Found this on algae-based biofuels:

http://sustainawatt.blogspot.com/2011/04/algal-biodiesel-vs-conventional-diesel.html" onclick="window.open(this.href);return false;

The yield for the Sapphire plant, at 5,000 gallons/acre-year (1.5Mgal per year / 300 acres), falls right into line with the predicted yield in the article. Anyone got any other sources on algae biofuels they can recommend?

 

[LTLFTcomposite]

love the idea but a rate of a barrel a day per 3 acres does not sound like it will scale well. there is no mention of the water need for this project as well

~36,000 bbl/year @ $100/bbl = $3.6M/year

That's 37 years to make back the $135M investment assuming the plant costs nothing to operate or maintain and no other inputs are required.

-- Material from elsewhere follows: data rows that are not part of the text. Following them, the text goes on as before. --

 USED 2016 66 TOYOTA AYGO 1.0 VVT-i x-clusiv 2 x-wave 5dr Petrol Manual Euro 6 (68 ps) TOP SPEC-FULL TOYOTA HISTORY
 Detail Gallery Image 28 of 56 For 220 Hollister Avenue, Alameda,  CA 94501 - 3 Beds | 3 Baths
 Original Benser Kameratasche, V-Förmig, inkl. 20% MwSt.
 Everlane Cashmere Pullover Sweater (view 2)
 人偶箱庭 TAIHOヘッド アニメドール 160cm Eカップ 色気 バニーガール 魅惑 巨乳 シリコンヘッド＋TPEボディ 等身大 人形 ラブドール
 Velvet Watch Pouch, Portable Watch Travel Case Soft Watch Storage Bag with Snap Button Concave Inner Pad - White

Let's hope they have some other tricks up their sleeve to make the technology viable, because all the subsidies in the world won't make those books balance. The stat that the project provided 634 full time jobs certainly wouldn't impress Milton Friedman; you could have paid that many people $100k each to stand around digging holes and filling them in for half what this cost.

 

[AndyH]

They do calcs for US corn ethanol and Brazilian sugar-cane. The data for both is bad, the US case particularly so. IIRR, to replace just 10% of the oil used for transportation in the US by sustainably-produced corn-ethanol would require 48% of the US. population to be involved in agriculture, versus <2% now, and would require something like 5-7 times (I don't have the book handy and my memory is hazy. It might well be higher) the 175M hectares of land now under cultivation in the US FOR ALL PURPOSES for its production. I guess we can just import all our food (from where?).

The answer is bad because it appears that the starting assumptions are bad. The !175M hectares of land under cultivation (USDA "cropland") is a subset of our available farmland - this is only the prime, flat, easily machinable land with moderately deep soil. These numbers completely ignore the rest of our farmland. Only about 17% of our cropland is used for corn.

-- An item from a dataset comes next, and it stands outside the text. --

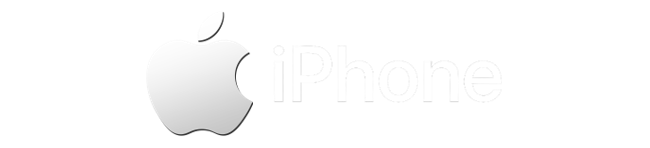 iphones-available-in-harare-zimbabwe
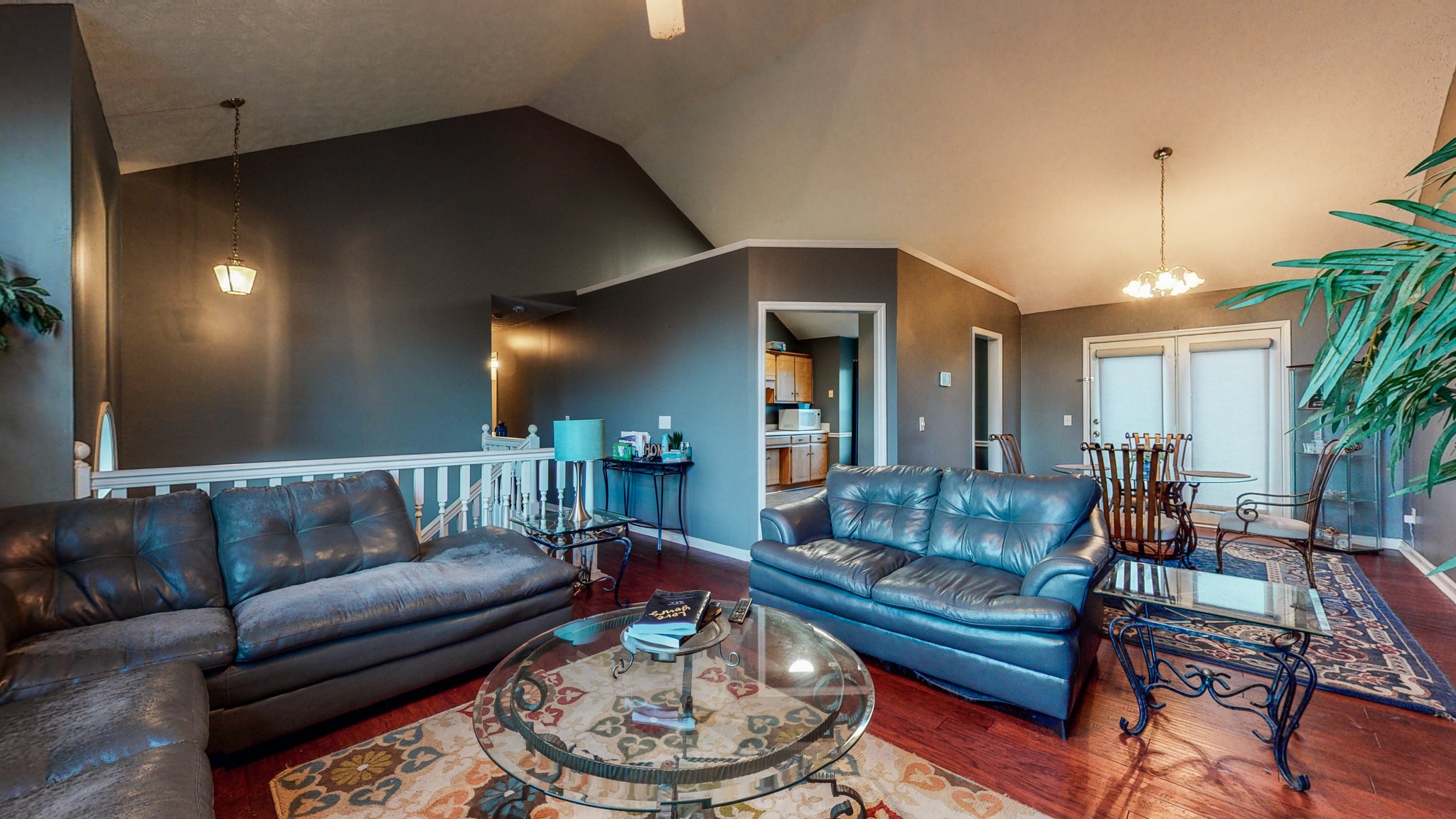 3224 Clapham Road Antioch, TN 37013 - Photo 7 of 42 Gallery Image 7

But that's still not the entire story.

In addition to cropland, the U.S. has 939,279,056 acres [380M hectares] of "farmland." This land is also good for agriculture, but it's not as level and the soil not as deep as "cropland." Much of this farmland could support perennial crops that don't require the soil to be plowed every year, or that allow annual crops to be cultivated as long as the soil is plowed on contour...

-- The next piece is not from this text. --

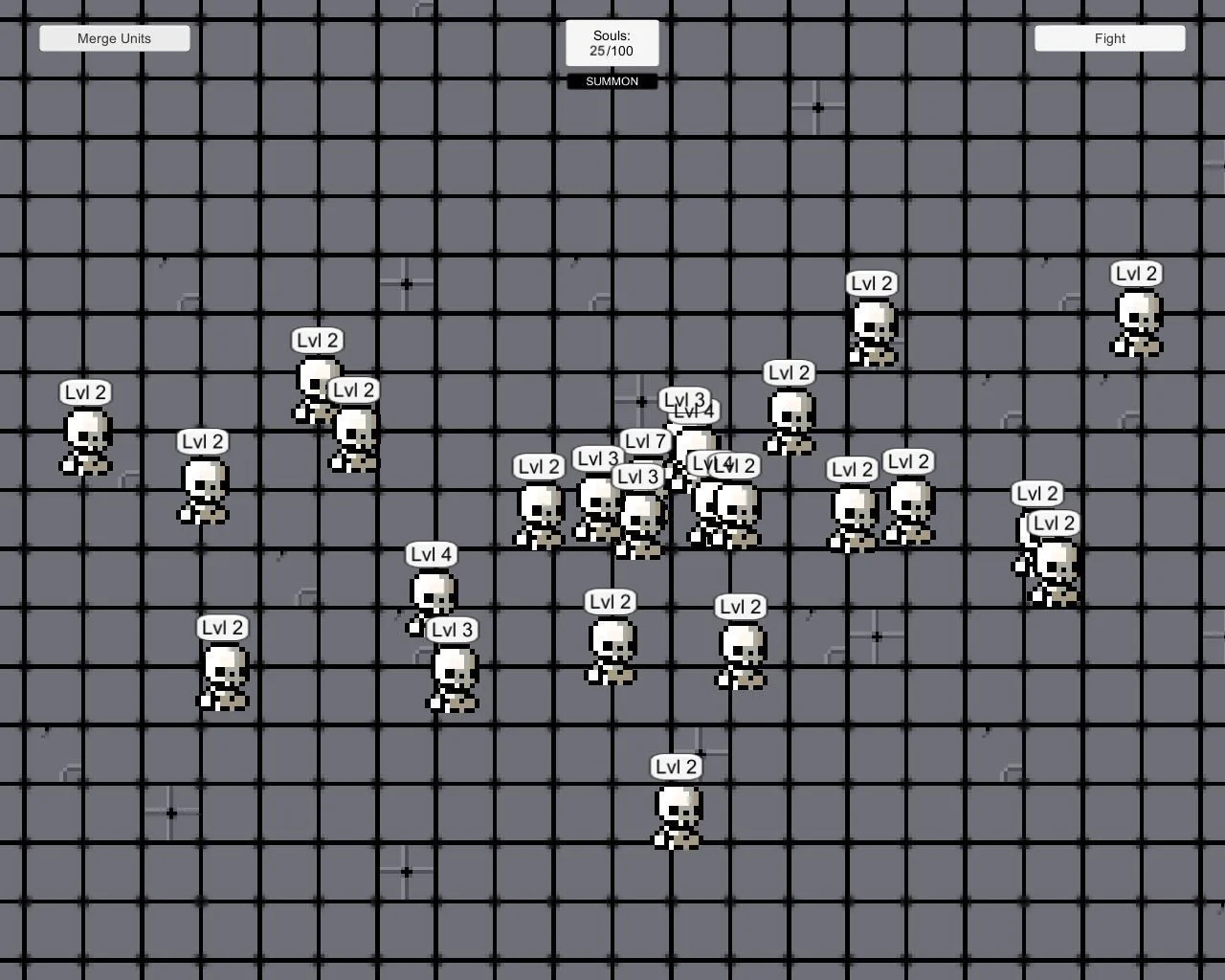 NecroChamber (itch)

Blume "Alcohol Can Be A Gas" P27

Only about 7% of our farmland is used for corn.

We have plenty of alternatives that don't require using cropland or farmland. One is to use the ditches alongside of our major roads. If each county with moist ditches alongside their major roads planted a 10' strip of wild plants - like cattails, Jerusalem artichoke, and others; and if dry areas planted things like mesquite and other dry land plants, we could supply 40% of our current liquid fuel needs. Apparently we could replace gasoline completely by using only old-school fermentation of only the corn starch - this would still provide a higher quality animal feed than raw corn, and the rest of the plant could be returned to the soil, used for process heat, or used as a feed stock for a cellulosic process.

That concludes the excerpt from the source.